TuringLang / AbstractMCMC.jl

Abstract types and interfaces for Markov chain Monte Carlo methods
https://turinglang.org/AbstractMCMC.jl
MIT License
87 stars 18 forks source link

Default reduction for parallel sampling #44

Closed devmotion closed 2 years ago

devmotion commented 4 years ago

I just ran into some annoying problem while adding some tests for parallel sampling in https://github.com/TuringLang/EllipticalSliceSampling.jl/pull/8.

In the simple test examples, the sampler just returns a vector of samples (the default for regular sampling) which are either scalars or vectors with one element. Unfortunately, parallel sampling does not work due to https://github.com/TuringLang/AbstractMCMC.jl/blob/f03a17d63fa794413cbf620ecc7ba46fba9b480b/src/sample.jl#L252-L253 (and similar lines) and chaincat being only defined for AbstractChains.
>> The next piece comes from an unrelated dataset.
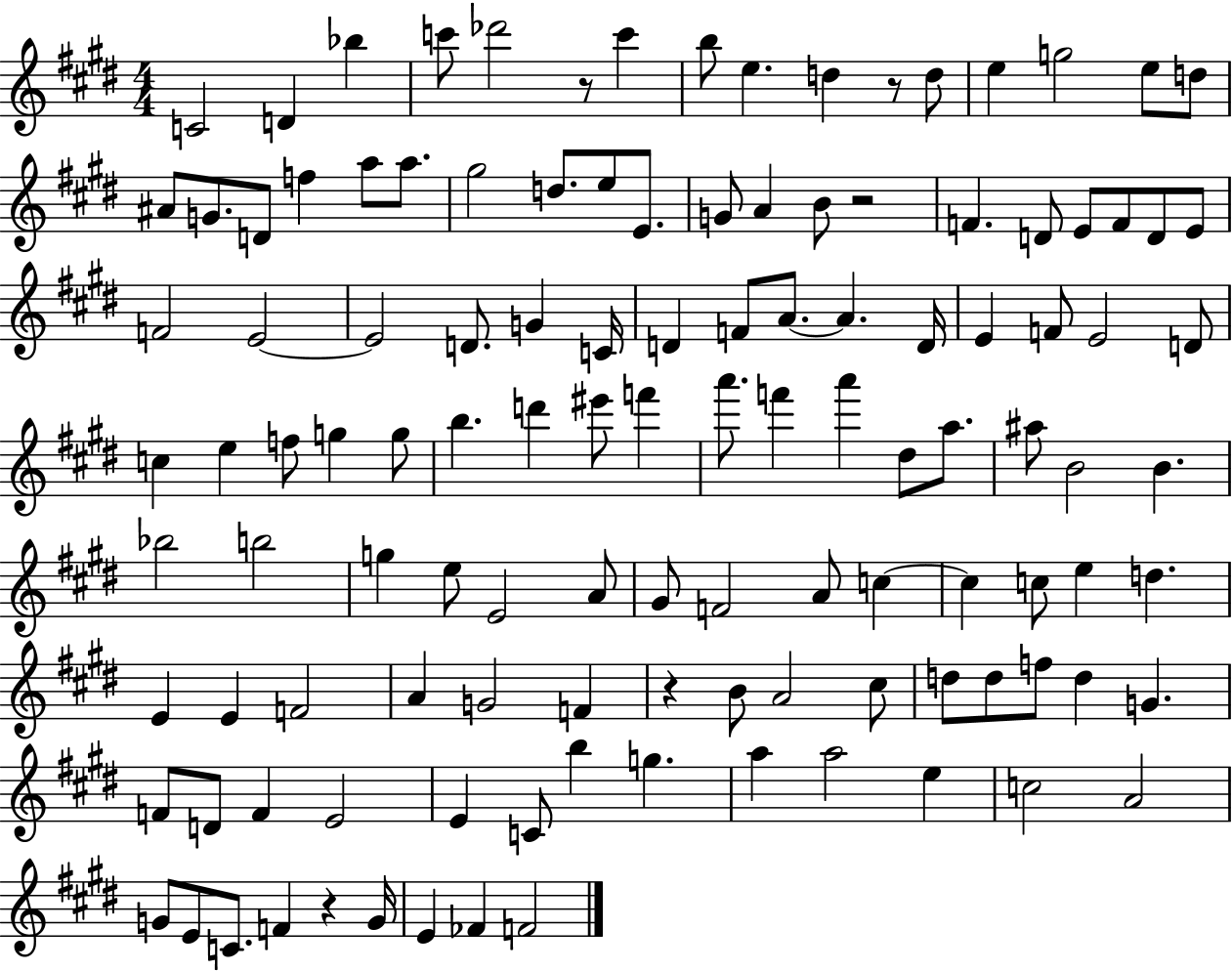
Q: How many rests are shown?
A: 5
Now what should we do if the sampling does not return an object of type AbstractChains? Or what should we do in general?

Maybe the user could pass a reduction function which would default to AbstractMCMC.DEFAULT_REDUCTION, defined as

DEFAULT_REDUCTION(x::Vector{Any}) = map(identity, x)
DEFAULT_REDUCTION(x) = x

just to make sure that we return a concretely typed result if possible.

But of course that would mean that by default you would always get back a vector of chains (of whatever type), which would be quite breaking. But maybe that's not too bad and actually more intuitive?

cpfiffer commented 4 years ago

I would make chainscat(x::Vector{Any}...) default to a vector-of-vectors. chainscat(x::AbstractChains...) should be required to implement a specific functional form. I don't think we need an additional reduction -- that's the purpose of chainscat.

devmotion commented 4 years ago

But that would mean that we could never avoid splatting, even if we would like to use reduce since we will always have to split the vector of chains when we all chainscat(...). Just defining chainscat on vectors doesn't seem to help either since then we can't distinguish between vectors of arrays and vectors of AbstractChains since in multithreaded sampling the vector is always of type Vector{Any}.

That's why I thought at some point, maybe we should just return the vectors and let users/downstream packages deal with the reduction (or possibly provide some reduction function directly).

devmotion commented 2 years ago

Seems this was addressed in #45.